====== Records to process
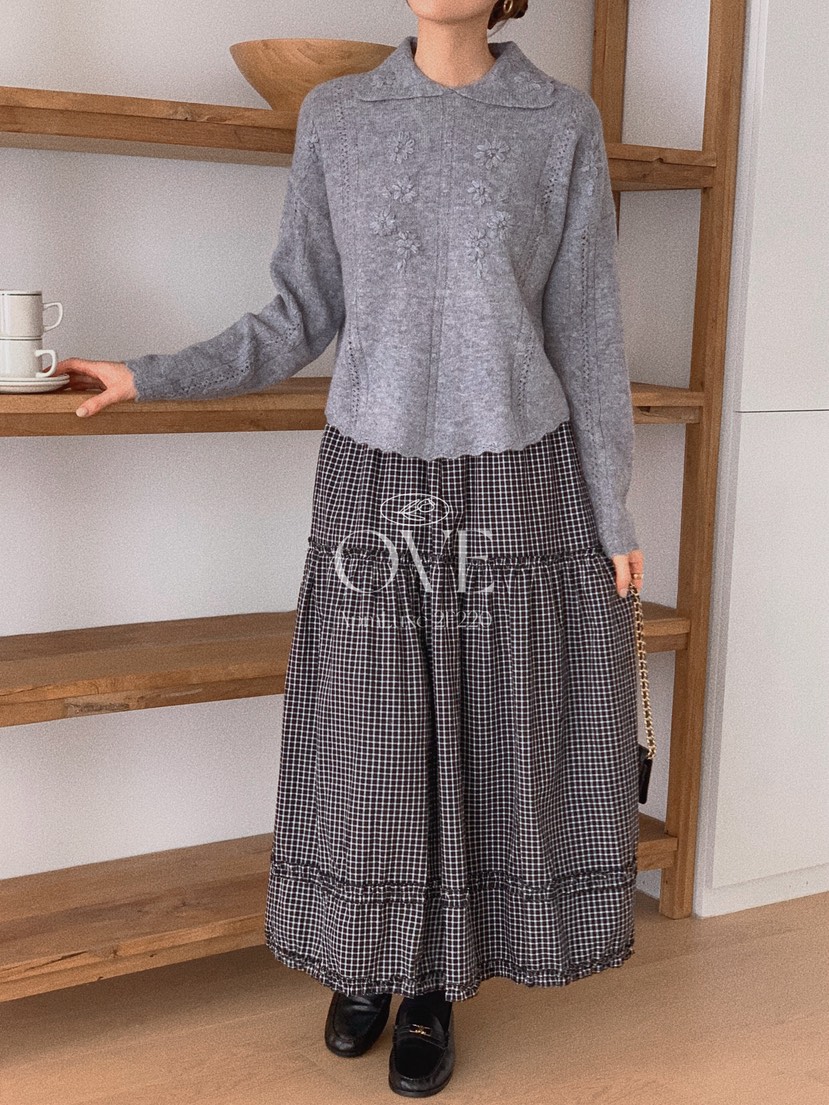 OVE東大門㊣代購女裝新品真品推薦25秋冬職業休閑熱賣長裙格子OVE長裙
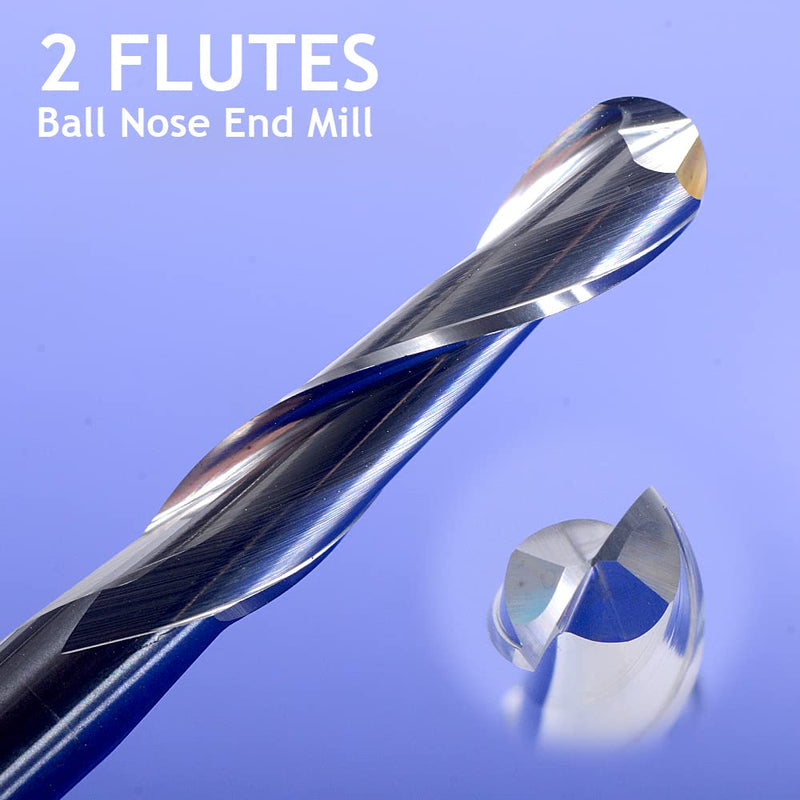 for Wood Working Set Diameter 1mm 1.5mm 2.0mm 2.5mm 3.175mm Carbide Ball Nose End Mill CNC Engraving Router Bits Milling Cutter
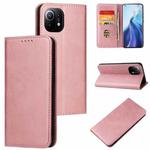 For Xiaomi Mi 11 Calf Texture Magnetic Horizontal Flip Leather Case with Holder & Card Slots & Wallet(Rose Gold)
============
====== Records to process
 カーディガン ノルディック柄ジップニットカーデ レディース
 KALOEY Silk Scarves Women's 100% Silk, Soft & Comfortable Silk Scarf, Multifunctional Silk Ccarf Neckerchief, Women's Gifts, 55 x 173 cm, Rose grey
============
====== Records to process
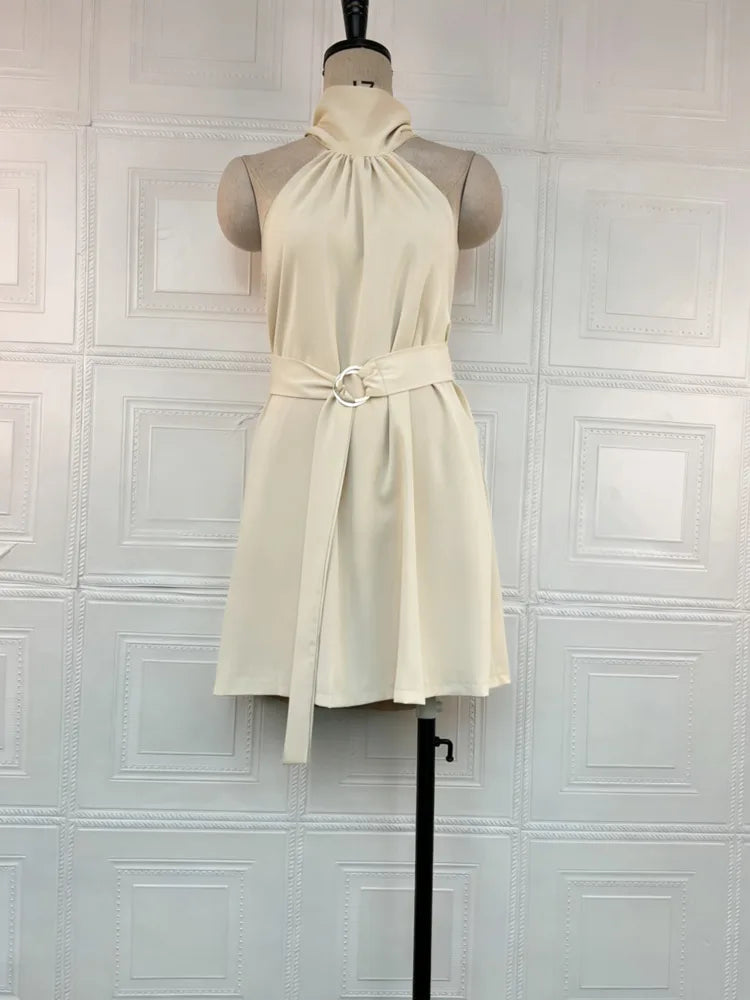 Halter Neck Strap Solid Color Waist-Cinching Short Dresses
============
- _Your assignment_
Output only the stretch above from the line with "for Wood Working" through the line with "For Xiaomi Mi", reproduced exactly. Exclude pictures.

- _Solution for this exercise_
 for Wood Working Set Diameter 1mm 1.5mm 2.0mm 2.5mm 3.175mm Carbide Ball Nose End Mill CNC Engraving Router Bits Milling Cutter
 For Xiaomi Mi 11 Calf Texture Magnetic Horizontal Flip Leather Case with Holder & Card Slots & Wallet(Rose Gold)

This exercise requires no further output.